◆ **Given data**:
Segment Open

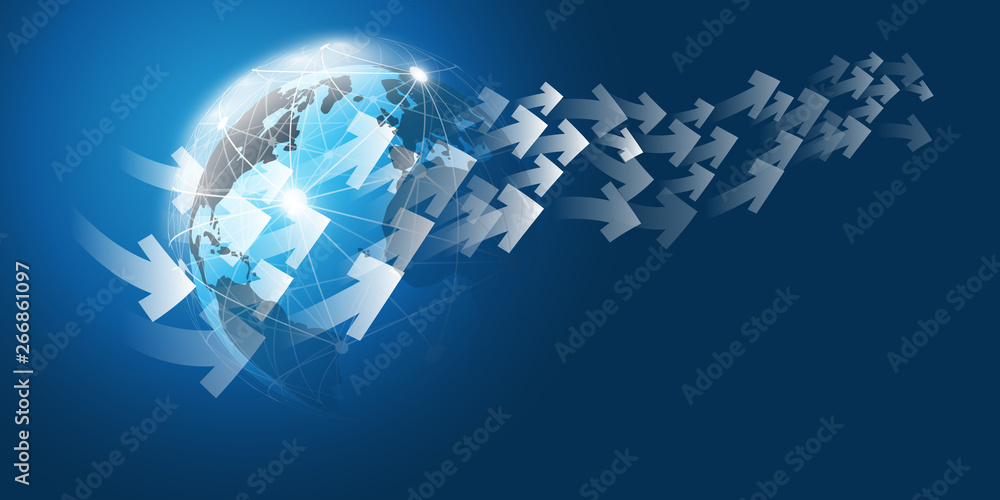 Poster global networks and trading design with arrows and earth globe - vector template for your business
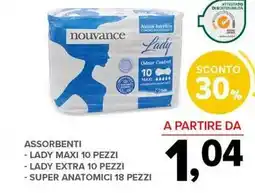 Todis Assorbenti - lady extra 10 pezzi - lady maxi 10 pezzi - super anatomici 18 pezzi offerta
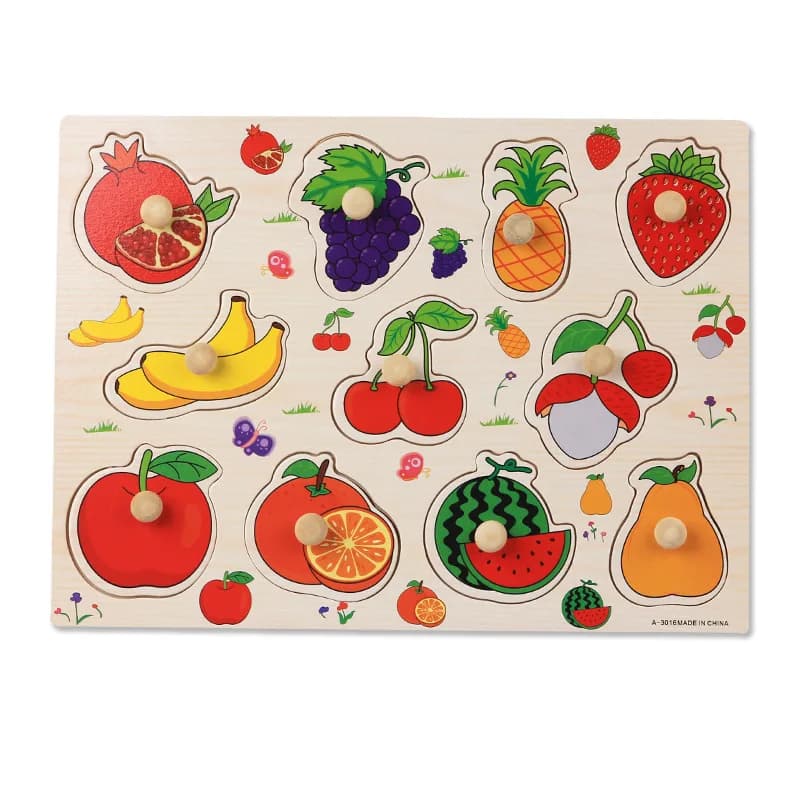 Wooden Peg Puzzles for Toddlers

Segment Closed

◆ **Assigned task**:
Write out the data again word for word, minus any images.

◆ **Problem solution**:
 Poster global networks and trading design with arrows and earth globe - vector template for your business
 Todis Assorbenti - lady extra 10 pezzi - lady maxi 10 pezzi - super anatomici 18 pezzi offerta
 Wooden Peg Puzzles for Toddlers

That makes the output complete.